Proposed or Pending Legislation Pertaining to Non-compete Agreements as of June 2022
On June 8, 2022, HB 22-1317 was signed into law. The revised law will likely attempt to clarify the misdemeanor provision, stating that it now only applies to an employer’s use of threats, force, or intimidation to prevent a worker from engaging in any lawful occupation post-termination. However, violations of other sections of the statute can expose employers to civil penalties, including up to $5,000 in fines per violation. Additionally, non-competes are now presumptively void unless entered into with a highly compensated worker (as determined by the Colorado Department of Labor), are to protect an employer’s trade secrets, and are not more restrictive than necessary to protect such interests. Otherwise permissible non-competes are void unless they comply with the statute’s notice requirements. Specifically, notice must be provided with the non-compete and identify its potential to restrict workers’ options for subsequent employment. This bill is slated to become effective in August 2022.
On May 2, 2022 the New Jersey Legislatures introduced Bill A3715, which would enact drastic and sweeping non-compete reform. The bill proposes several notice requirements and limits the enforceability of the agreement to 12 months. Most notably, the proposed law contains a garden leave-type provision that requires employers to pay 100 percent of the pay an employee otherwise would have earned had the employee been able to work during the non-compete restricted period. These significant proposed reforms are expected to engender much debate, and New Jersey employers would be well-served to closely monitor the progress of this bill.

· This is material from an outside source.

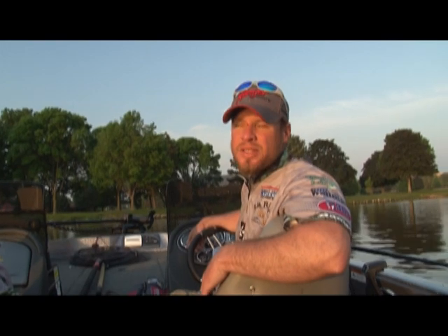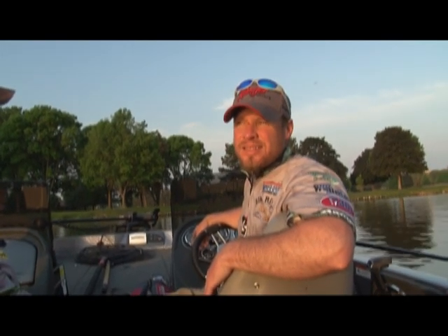Our heaviest weight during the pre-fish was around 18 to 19 pounds. So today, if we get somewhere in that 16 to 19 pound range, I think we'd be sitting good. I wouldn't count it out if we hit somewhere around 20 — but that's if we can get a couple of those big kickers to go along with the other fish.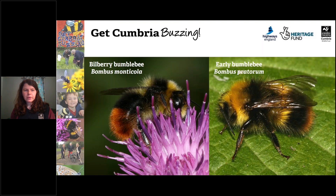Next we have the bilberry bumblebee and the early bumblebee. They both have two yellow bands, but the bilberry bumblebee has a red tail that goes halfway to three quarters of the abdomen, whereas the early bumblebee only has a small tip of red on the end. We're really lucky to have the bilberry bumblebee in abundance on the heathlands here in Cumbria. They like to feed on heath and bilberry, and they do come down into gardens. The early bumblebee is a small bee that often nests in bird boxes, its colony is quite short-lived and it produces males early in spring.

In March 2022, New York State legislature introduced Bill Number A9591A addressing non-compete agreements. If enacted, this law will prohibit an employer from seeking, requiring, demanding, or accepting a non-compete from any covered employee. A covered employee means any employee, regardless of whether they are employed under contract, including independent contractors. Whether the bill will proceed through the legislature, and in what final form, remains to be seen.